Provided material:
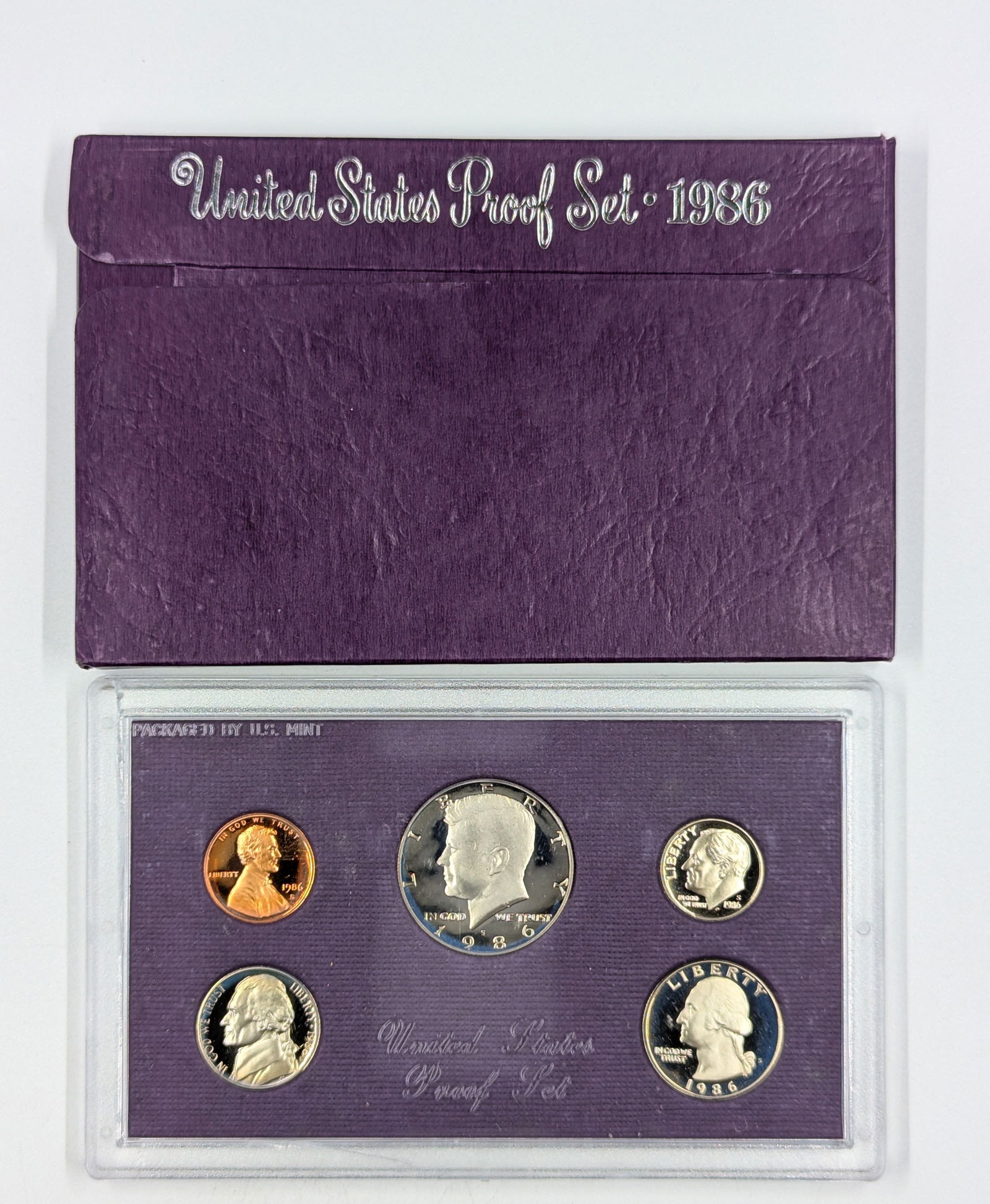 1986 US Mint Proof Set (1 of 2)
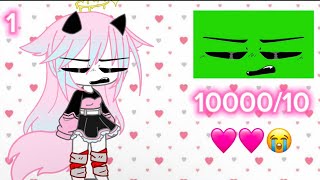 Top 7 Probando caras en pantalla verde #greenscreen  🤭✌️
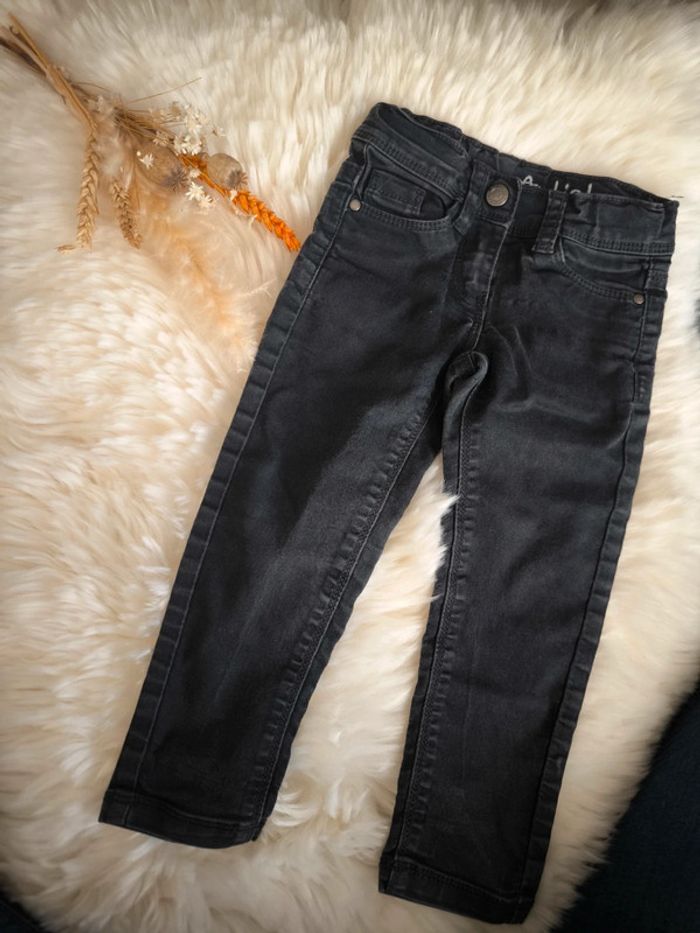 🖤 Jean skinny TAO noir 2 ans 🖤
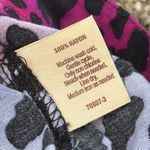 Decree  High Waist Leopard Print Shorts Photo 2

Work instructions:
The pictures alone are to be left out when the data above is copied; all else must match exactly.

Exercise result:
 1986 US Mint Proof Set (1 of 2)
 Top 7 Probando caras en pantalla verde #greenscreen  🤭✌️
 🖤 Jean skinny TAO noir 2 ans 🖤
 Decree  High Waist Leopard Print Shorts Photo 2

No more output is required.